> Prompt:
Look through the data below. Pick out the lines holding the string "image".

> Data for review:
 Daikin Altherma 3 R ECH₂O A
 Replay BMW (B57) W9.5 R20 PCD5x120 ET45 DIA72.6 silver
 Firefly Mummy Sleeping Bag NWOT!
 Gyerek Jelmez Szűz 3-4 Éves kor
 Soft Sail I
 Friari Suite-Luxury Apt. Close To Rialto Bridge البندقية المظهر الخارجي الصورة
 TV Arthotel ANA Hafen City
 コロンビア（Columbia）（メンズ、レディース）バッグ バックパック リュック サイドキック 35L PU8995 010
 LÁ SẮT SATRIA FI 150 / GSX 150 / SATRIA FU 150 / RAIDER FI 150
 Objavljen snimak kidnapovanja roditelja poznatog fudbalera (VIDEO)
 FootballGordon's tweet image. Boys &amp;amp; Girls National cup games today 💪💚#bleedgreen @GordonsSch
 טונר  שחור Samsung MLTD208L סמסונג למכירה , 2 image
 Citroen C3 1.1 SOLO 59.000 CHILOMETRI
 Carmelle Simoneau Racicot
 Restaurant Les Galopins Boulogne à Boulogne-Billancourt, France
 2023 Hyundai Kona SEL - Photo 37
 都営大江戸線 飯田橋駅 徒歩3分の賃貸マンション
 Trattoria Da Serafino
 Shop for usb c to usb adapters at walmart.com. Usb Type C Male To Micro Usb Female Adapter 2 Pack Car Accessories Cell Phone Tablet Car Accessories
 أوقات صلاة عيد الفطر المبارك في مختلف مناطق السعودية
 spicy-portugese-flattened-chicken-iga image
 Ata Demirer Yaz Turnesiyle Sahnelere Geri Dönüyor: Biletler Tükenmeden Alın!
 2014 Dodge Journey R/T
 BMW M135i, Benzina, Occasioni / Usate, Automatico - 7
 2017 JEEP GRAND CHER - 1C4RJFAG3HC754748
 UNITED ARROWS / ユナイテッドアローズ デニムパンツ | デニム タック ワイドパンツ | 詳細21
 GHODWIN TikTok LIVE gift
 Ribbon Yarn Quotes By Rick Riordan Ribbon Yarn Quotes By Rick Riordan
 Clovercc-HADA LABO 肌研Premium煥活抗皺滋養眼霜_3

> Answer section:
 FootballGordon's tweet image. Boys &amp;amp; Girls National cup games today 💪💚#bleedgreen @GordonsSch
 טונר  שחור Samsung MLTD208L סמסונג למכירה , 2 image
 spicy-portugese-flattened-chicken-iga image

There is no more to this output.